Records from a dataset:
* * * *
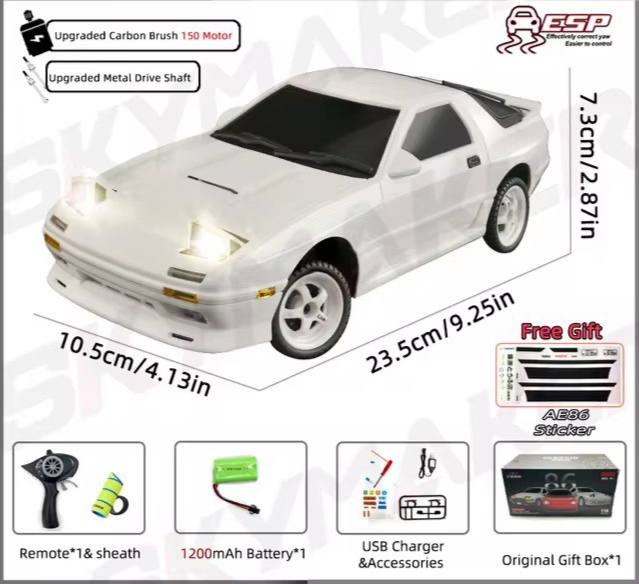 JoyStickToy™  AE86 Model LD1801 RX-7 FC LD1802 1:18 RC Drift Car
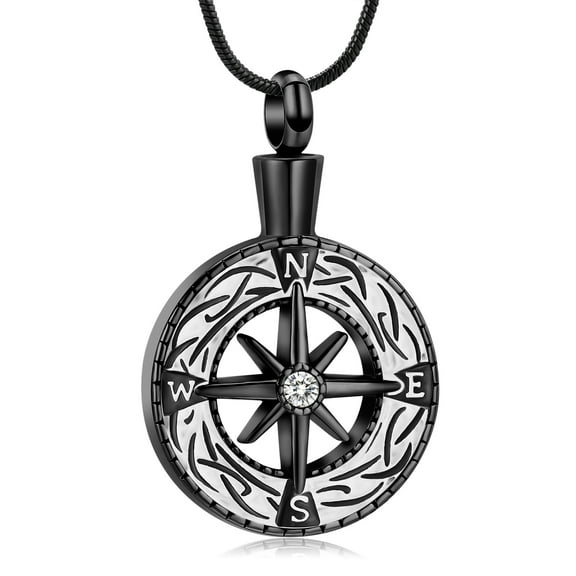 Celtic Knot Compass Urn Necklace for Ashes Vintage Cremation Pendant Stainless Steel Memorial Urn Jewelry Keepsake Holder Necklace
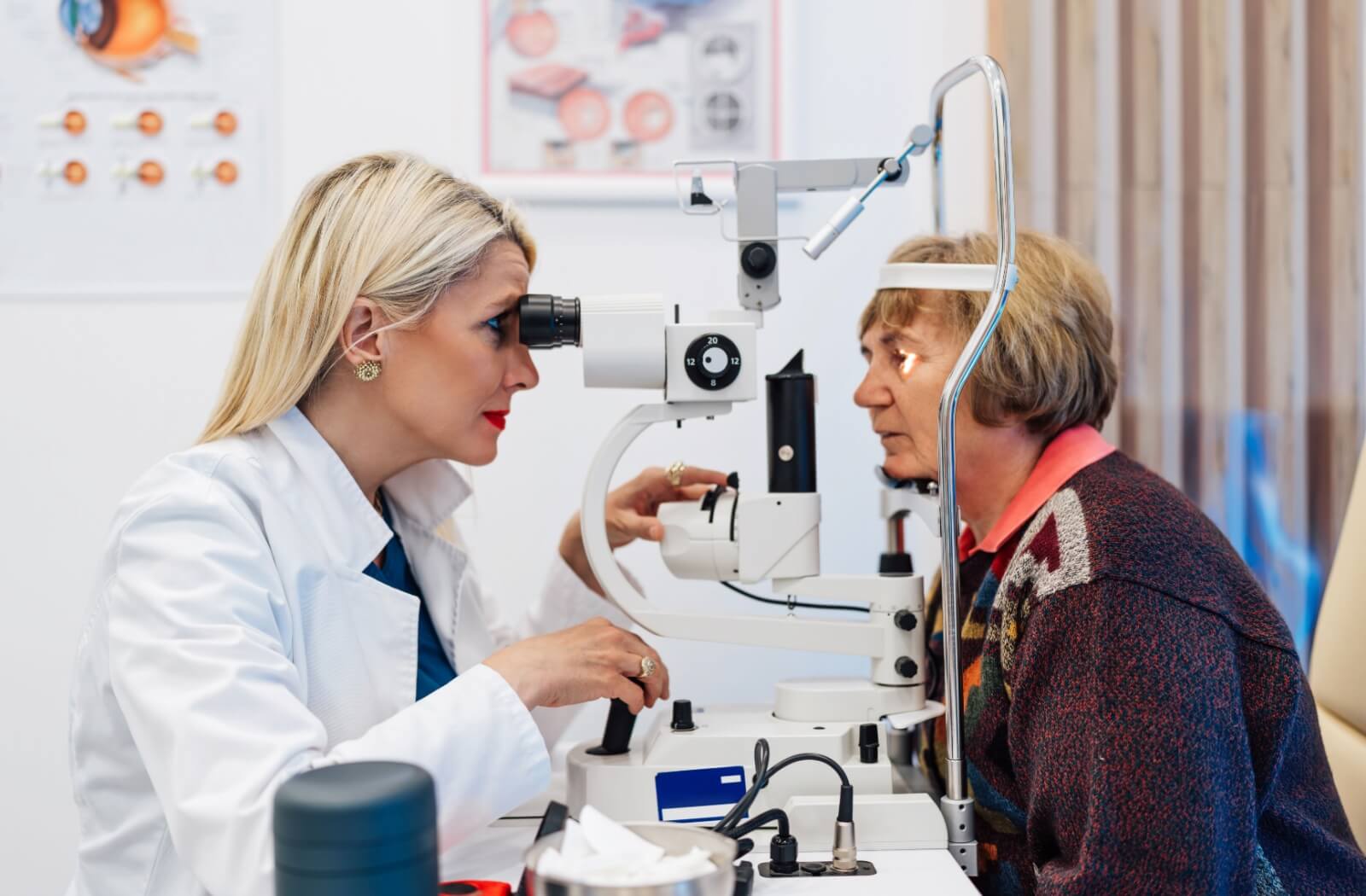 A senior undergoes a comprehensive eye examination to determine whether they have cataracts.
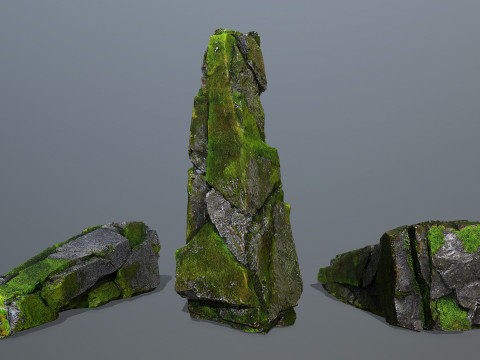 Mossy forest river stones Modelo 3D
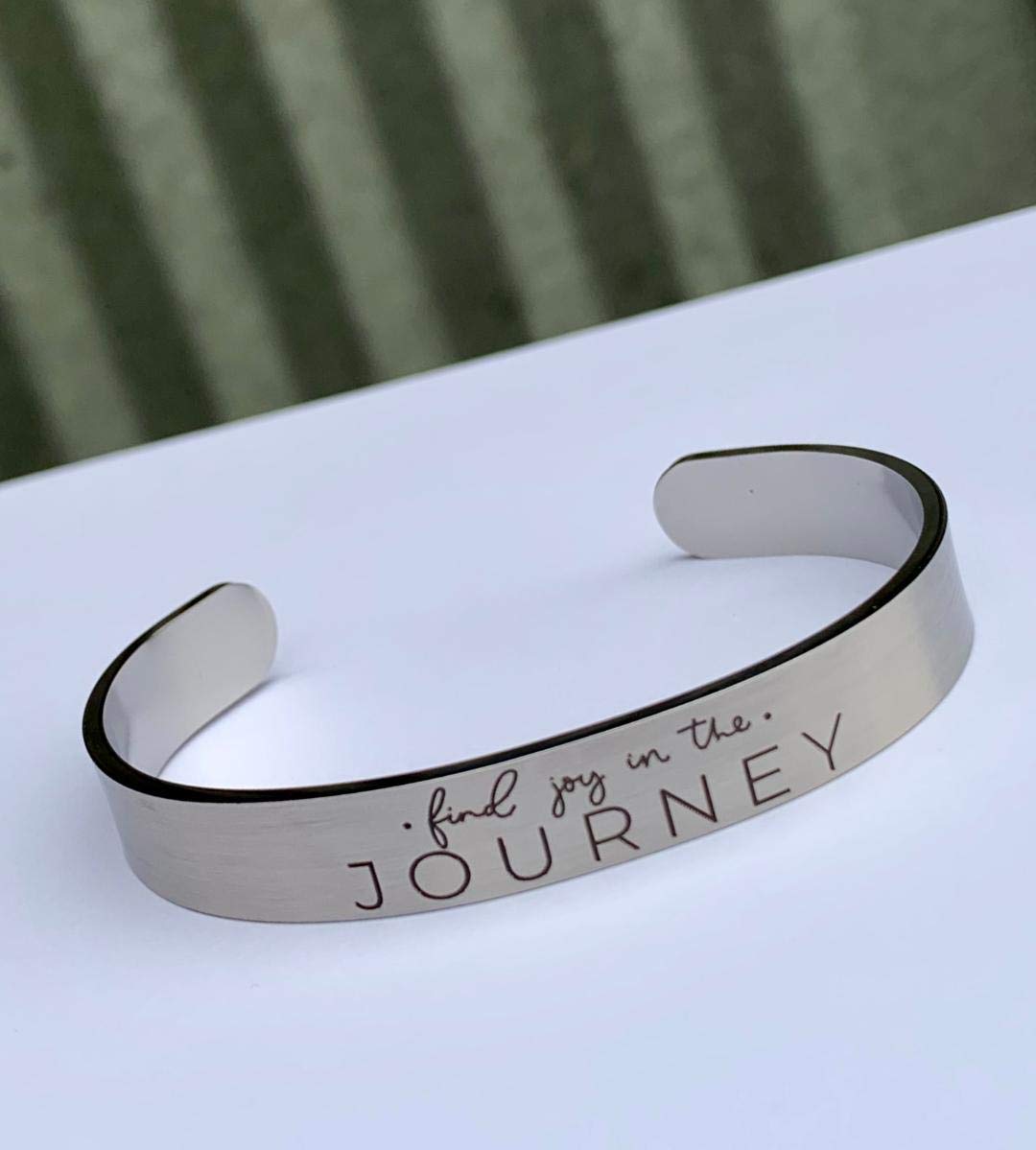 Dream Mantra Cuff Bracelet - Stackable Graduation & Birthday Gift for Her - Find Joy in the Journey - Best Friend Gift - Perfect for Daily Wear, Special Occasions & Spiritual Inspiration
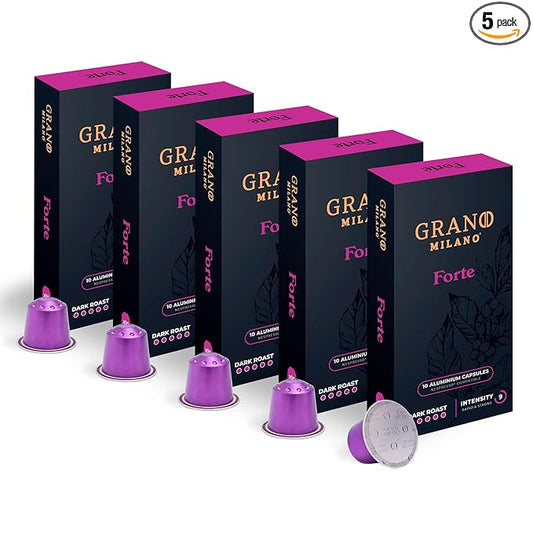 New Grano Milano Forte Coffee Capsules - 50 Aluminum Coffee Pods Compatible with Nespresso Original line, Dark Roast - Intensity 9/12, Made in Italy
* * * *
◆ Assignment: Set down all the data again exactly as above, pictures excluded.

◆ Task output:
 JoyStickToy™  AE86 Model LD1801 RX-7 FC LD1802 1:18 RC Drift Car
 Celtic Knot Compass Urn Necklace for Ashes Vintage Cremation Pendant Stainless Steel Memorial Urn Jewelry Keepsake Holder Necklace
 A senior undergoes a comprehensive eye examination to determine whether they have cataracts.
 Mossy forest river stones Modelo 3D
 Dream Mantra Cuff Bracelet - Stackable Graduation & Birthday Gift for Her - Find Joy in the Journey - Best Friend Gift - Perfect for Daily Wear, Special Occasions & Spiritual Inspiration
 New Grano Milano Forte Coffee Capsules - 50 Aluminum Coffee Pods Compatible with Nespresso Original line, Dark Roast - Intensity 9/12, Made in Italy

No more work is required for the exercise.